STRATEGIC PLANNING, SUSTAINABILITY AND TRANSPORTATION COMMITTEE

10 July 2018

 

Draft Sports Facilities and Playing Pitch Strategies

 

Final Decision-Maker

Strategic Planning, Sustainability and Transportation Committee

Lead Head of Service/Lead Director

Rob Jarman, Head of Planning and Development

Lead Officer and Report Author

Mark Egerton, Strategic Planning Manager, and Sue Whiteside, Principal Planning Officer

Classification

Public

Wards affected

All wards

 

Executive Summary

 

The Sports Facilities and Playing Pitch Strategies will form part of the Council’s evidence base for the review of the Maidstone Borough Local Plan, and will inform development management decisions.  They will also provide the Council with an evidence base for future budgetary needs or grant funding applications.  The strategies assess the quantity, quality, accessibility and availability of Maidstone Borough’s indoor and outdoor sports facilities and playing pitches.  They forecast the borough’s needs for new and improved sports facilities and pitches to 2031, and set out options for how needs may be delivered.  The strategies are at a stage where input from SPST and HCL Committees is required, to consider the implications arising from recommendations and action plans.

 

 

This report makes the following recommendation to this Committee:

1.   That the report is referred to Heritage, Culture and Leisure Committee for consideration, prior to re-engagement with key stakeholders.

 

 

 

Timetable

Meeting

Date

Strategic Planning, Sustainability and Transportation Committee

10 July 2018

Heritage Culture and Leisure Committee

04 September 2018

Strategic Planning, Sustainability and Transportation Committee

11 September 2018



Draft Sports Facilities and Playing Pitch Strategies

 

 

 

1.      INTRODUCTION AND BACKGROUND

 

Introduction

1.1     The National Planning Policy Framework requires local authorities to deliver the social, recreational and cultural facilities and services the community needs (NPPF, paragraph 70).  Planning policies and decisions should provide for new and improved sports venues, and also guard against the loss of facilities.

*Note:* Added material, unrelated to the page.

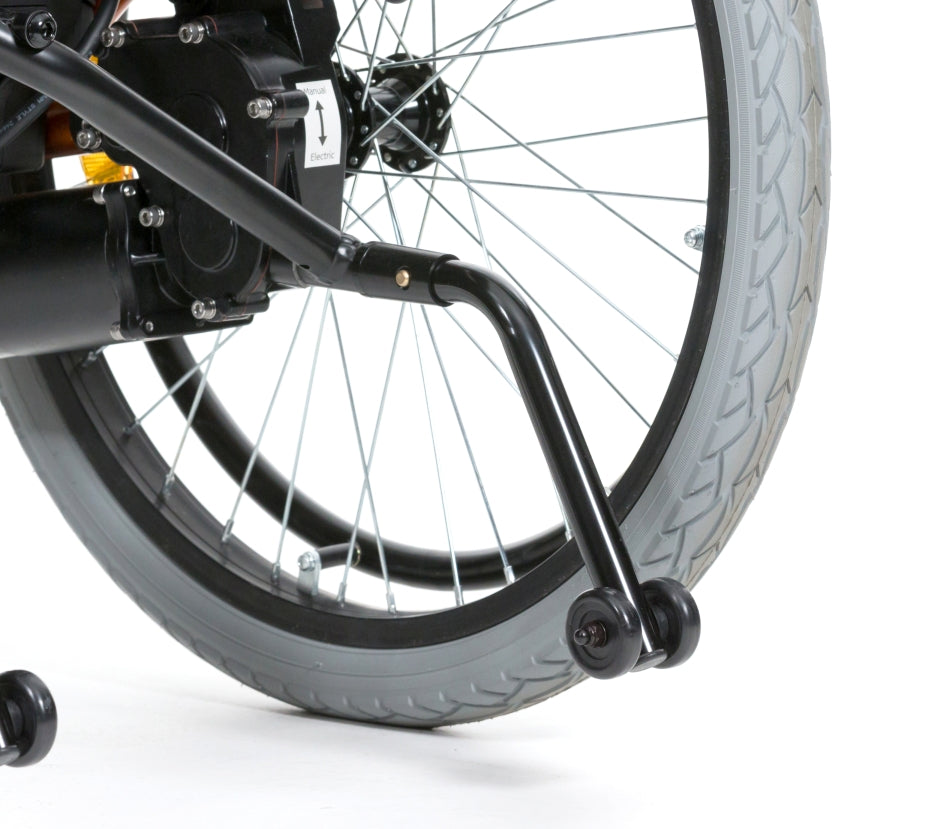 Ein elektrischer Rollstuhl in einem modernen Design, ausgestattet mit einem stabilen Aluminiumrahmen in Schwarz und Grau. Die großen, luftgefüllten Reifen ermöglichen eine gute Tragfähigkeit und einen hohen Komfort. Der Rollstuhl hat einen ergonomischen Sitz mit armlehnen, der gepolstert ist und Stabilität bietet. Die Steuerung erfolgt über ein einfaches Joystick-System an der rechten Armlehne.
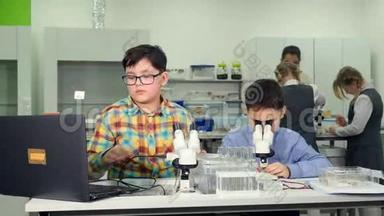 学校科学概念。 小学生用蜗牛做科学实验。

1.2     The strategies will form part of the Council’s evidence base for the review of the Maidstone Borough Local Plan, and will inform development management decisions.  They will also provide the Council with an evidence base for future budgetary needs or grant funding applications.

1.3     Consultants PLC[1] were appointed to prepare a Sports Facilities Strategy and a Playing Pitch Strategy for the borough.

1.4     The strategies are at a stage where input from SPST and HCL Committees is required, to consider the implications arising from recommendations and action plans.  The timetable proposed is set out in Table 1.



Date

Committee

Purpose

 

10.07.2018

SPST

·         Initial consideration of recommendations and action plans arising from the strategies

·         Referral to HCL Committee for comments

04.09.2018

HCL

·         Initial consideration of recommendations and action plans arising from the strategies

·         Refer recommendations to SPST Committee

11.09.2018

SPST

 

·         Consideration of HCL recommendations prior to re-engagement with key stakeholders

08.01.2019

SPST

·         Approval of the final strategies, including recommendations and action plans

Table 1: Committee programme for reports

Methodology

1.5     The strategies have been prepared following Sport England guidance[2], gathering information on:

·         Supply and demand

·         The local population profile

·         Sports participation

·         Unmet, latent, dispersed and future demand

·         Local activity priorities

·         Sports specific priorities.

1.6     The strategies also take account of spare capacity on sites, and examine rising or falling trends in demand for individual sporting activities.  The data has helped to build a picture of the level of provision, looking at four key elements: the quantity, quality, accessibility and availability of Maidstone Borough’s indoor and outdoor sports facilities and playing pitches.  The key findings and implications arising from the assessments were developed around a framework of ‘protect, enhance and provide’, resulting in recommendations and actions for new and improved facilities.  Nonetheless, overall, Maidstone Borough is currently well provided for in terms of its sports provision.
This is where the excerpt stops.